Friday, April 12, 2013

Innovation Day at Hillsdale

So at some point this past summer, I came across Innovation Day; I’m not sure if it was from Pernille Ripp or Josh Stumpenhorst. I leaned heavily on their blogs and expertise throughout the process - a huge thanks to both of them! 

As my team and I saw down and planned our advisory curriculum this summer, we set aside a couple weeks to devote to this day. There were concerns that all students would create something meaningful, something that they were proud of. We took some intentional steps to make sure that would be the case.

We introduced the idea of passion driving people to create awesome, innovative ideas by first asking students what showed up in a ‘normal’ music video.Then, the students watched the OK Go video for the song “This Too Shall Pass.” You’ve seen the video - the one with the crazy Rube Goldberg machine. If you haven’t, check it out. After this, it was pretty clear that passion created a dedication that was pretty darn evident in this video. Students then brainstormed things that they were passionate about or were interested in learning. 

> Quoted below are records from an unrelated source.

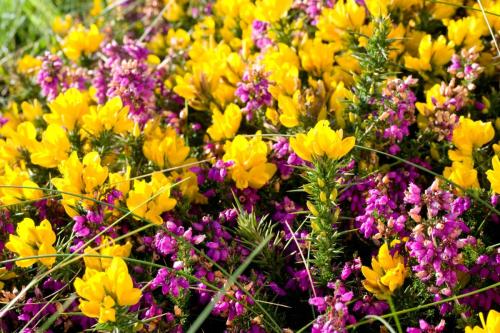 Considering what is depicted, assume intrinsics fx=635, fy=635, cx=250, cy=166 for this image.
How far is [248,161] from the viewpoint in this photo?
177 centimetres

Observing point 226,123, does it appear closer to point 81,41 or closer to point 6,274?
point 6,274

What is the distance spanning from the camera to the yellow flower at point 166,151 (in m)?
1.87

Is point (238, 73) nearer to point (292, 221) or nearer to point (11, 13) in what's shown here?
point (292, 221)

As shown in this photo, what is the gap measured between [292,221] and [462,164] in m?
0.49

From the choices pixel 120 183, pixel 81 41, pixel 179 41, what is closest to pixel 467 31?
pixel 179 41

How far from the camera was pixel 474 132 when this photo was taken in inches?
67.5

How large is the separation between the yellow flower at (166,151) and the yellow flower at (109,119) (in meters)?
0.09

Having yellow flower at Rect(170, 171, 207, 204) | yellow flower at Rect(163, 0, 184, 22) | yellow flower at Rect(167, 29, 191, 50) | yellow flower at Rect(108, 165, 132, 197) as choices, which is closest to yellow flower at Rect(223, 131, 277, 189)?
yellow flower at Rect(170, 171, 207, 204)

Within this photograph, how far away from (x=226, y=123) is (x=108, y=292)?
0.76 metres

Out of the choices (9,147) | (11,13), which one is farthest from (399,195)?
(11,13)

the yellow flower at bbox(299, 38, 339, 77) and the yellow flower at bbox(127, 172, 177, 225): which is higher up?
the yellow flower at bbox(299, 38, 339, 77)

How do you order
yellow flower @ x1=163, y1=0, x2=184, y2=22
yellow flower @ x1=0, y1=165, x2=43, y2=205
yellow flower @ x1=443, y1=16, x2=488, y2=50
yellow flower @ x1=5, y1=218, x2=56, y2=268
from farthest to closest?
yellow flower @ x1=163, y1=0, x2=184, y2=22 → yellow flower @ x1=443, y1=16, x2=488, y2=50 → yellow flower @ x1=0, y1=165, x2=43, y2=205 → yellow flower @ x1=5, y1=218, x2=56, y2=268

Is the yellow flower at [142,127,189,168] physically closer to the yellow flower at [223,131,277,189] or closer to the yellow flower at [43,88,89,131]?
the yellow flower at [223,131,277,189]

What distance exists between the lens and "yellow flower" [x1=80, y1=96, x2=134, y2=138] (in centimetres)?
189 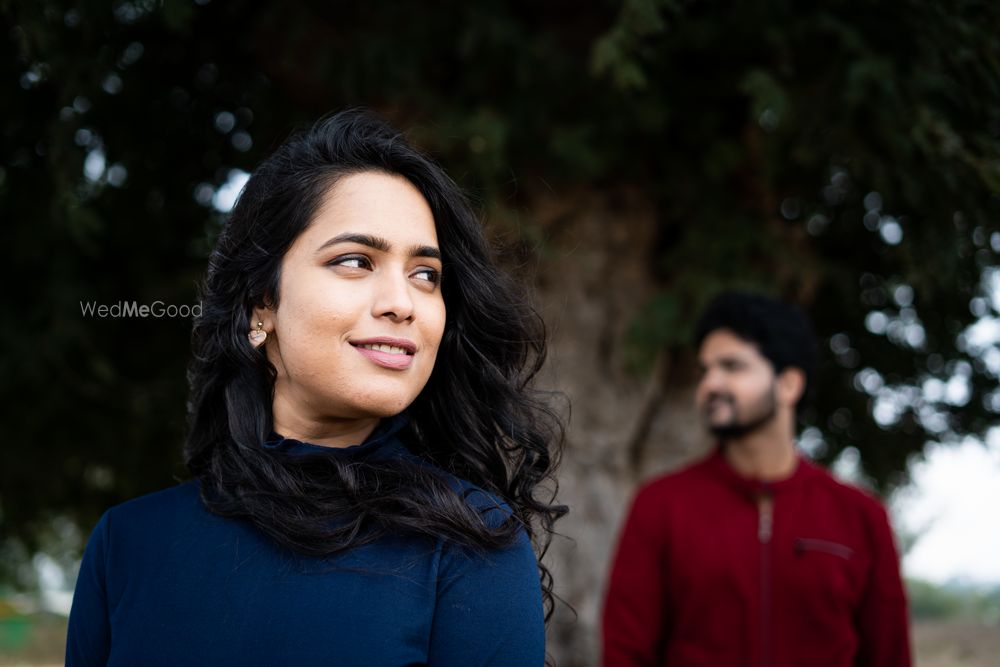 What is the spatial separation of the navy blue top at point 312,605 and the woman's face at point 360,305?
0.86 ft

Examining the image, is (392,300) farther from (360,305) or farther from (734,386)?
(734,386)

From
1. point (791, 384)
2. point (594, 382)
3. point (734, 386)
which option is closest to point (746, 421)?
point (734, 386)

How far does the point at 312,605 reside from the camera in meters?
1.53

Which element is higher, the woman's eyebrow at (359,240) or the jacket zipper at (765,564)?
the woman's eyebrow at (359,240)

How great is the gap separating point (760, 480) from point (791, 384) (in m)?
0.51

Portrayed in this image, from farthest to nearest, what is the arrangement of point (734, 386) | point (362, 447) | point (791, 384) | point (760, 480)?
point (791, 384), point (734, 386), point (760, 480), point (362, 447)

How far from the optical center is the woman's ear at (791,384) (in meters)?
3.89

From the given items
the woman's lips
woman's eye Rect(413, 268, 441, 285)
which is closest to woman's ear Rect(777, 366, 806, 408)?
woman's eye Rect(413, 268, 441, 285)

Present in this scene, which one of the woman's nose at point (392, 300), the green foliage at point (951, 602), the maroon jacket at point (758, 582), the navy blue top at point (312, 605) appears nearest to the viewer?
the navy blue top at point (312, 605)

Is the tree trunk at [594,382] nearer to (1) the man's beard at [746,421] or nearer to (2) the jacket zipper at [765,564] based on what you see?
(1) the man's beard at [746,421]

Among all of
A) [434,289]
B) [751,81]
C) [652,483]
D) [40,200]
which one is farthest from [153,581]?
[40,200]

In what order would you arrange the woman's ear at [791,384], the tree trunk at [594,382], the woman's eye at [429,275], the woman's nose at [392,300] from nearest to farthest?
the woman's nose at [392,300] → the woman's eye at [429,275] → the woman's ear at [791,384] → the tree trunk at [594,382]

The following day, we watched this video about ways to stay creative. Students then brainstormed how they would make sure their creativity would shine through in their creations on Innovation Day. On the third day of advisory, students looked at possible deliverables for their project: we wanted to make sure students had lots of ideas to sort through for their possible creations. 

Next, students created multiple possible project outlines that stressed the four key ideas for this project: that they focus on something they are passionate about, that a deliverable product was created, and that their product would have both an audience (it didn’t have to be a huge audience, but it needed to have a possible audience) and would create an impact on their audience. Finally, students choose the favorite of their brainstormed ideas and wrote up a formal project proposal. Group projects were fine, but projects that incorporated multiple people had to legitimately require a group effort. These formal project proposals required some detail and typically took two or three revisions in order to be specific and complex enough to take an entire day. 

My advisory proposed to create the following things: a fantasy world with lore, a presentation about why school is the way it is, a zombie movie, necklaces to raise money for anti-bullying charity, football safety videos, an anti-bullying video, a presentation about beaches, two separate piano and vocals songs, a children’s book, a choreographed dance piece, two different board games, chalk art, satirical movie, a brony video, and a horror story. 

We’re just about at the end of Innovation Day right now. I’ll write more about what the day felt like and show off the products of my students created soon. Promise. Want to check out the materials we used to prep our students for Innovation Day? Click here - feel free to copy and modify any of the documents and use them for your school’s Innovation Day.

Late addition: I just received this awesome video from our student photographer. Check it out below!




1 comment:

  1. Karl,
    Love this idea and will definitely 'steal' it from you. I have started 20% time but this takes it to a whole new level and love the idea of celebrating the creativity and passion with a day, what a great way to validate it for the students. Emailed it to our principal already as an idea for next year.
    Finally I love this statement:passion creates dedication, how true is that!
    You rock and are generally awesome!!